(Stored records)
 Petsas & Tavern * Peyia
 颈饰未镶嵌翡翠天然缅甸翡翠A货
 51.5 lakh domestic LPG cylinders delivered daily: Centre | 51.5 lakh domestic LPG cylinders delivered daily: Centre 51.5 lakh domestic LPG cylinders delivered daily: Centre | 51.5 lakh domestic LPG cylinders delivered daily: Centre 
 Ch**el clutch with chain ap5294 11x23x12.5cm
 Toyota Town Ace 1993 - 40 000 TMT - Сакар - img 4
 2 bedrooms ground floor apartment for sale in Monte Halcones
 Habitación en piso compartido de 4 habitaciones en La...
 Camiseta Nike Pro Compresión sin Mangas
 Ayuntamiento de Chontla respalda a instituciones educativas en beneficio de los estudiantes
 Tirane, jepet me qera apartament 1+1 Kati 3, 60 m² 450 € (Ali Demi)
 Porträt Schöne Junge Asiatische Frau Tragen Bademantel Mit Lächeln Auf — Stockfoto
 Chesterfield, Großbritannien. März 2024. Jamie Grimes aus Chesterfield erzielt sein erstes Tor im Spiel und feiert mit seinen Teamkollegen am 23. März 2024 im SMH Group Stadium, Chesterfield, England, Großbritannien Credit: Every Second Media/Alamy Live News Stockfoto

TRY IT: Copy out all of the lines above exactly.

TASK ANSWER:
 Petsas & Tavern * Peyia
 颈饰未镶嵌翡翠天然缅甸翡翠A货
 51.5 lakh domestic LPG cylinders delivered daily: Centre | 51.5 lakh domestic LPG cylinders delivered daily: Centre 51.5 lakh domestic LPG cylinders delivered daily: Centre | 51.5 lakh domestic LPG cylinders delivered daily: Centre 
 Ch**el clutch with chain ap5294 11x23x12.5cm
 Toyota Town Ace 1993 - 40 000 TMT - Сакар - img 4
 2 bedrooms ground floor apartment for sale in Monte Halcones
 Habitación en piso compartido de 4 habitaciones en La...
 Camiseta Nike Pro Compresión sin Mangas
 Ayuntamiento de Chontla respalda a instituciones educativas en beneficio de los estudiantes
 Tirane, jepet me qera apartament 1+1 Kati 3, 60 m² 450 € (Ali Demi)
 Porträt Schöne Junge Asiatische Frau Tragen Bademantel Mit Lächeln Auf — Stockfoto
 Chesterfield, Großbritannien. März 2024. Jamie Grimes aus Chesterfield erzielt sein erstes Tor im Spiel und feiert mit seinen Teamkollegen am 23. März 2024 im SMH Group Stadium, Chesterfield, England, Großbritannien Credit: Every Second Media/Alamy Live News Stockfoto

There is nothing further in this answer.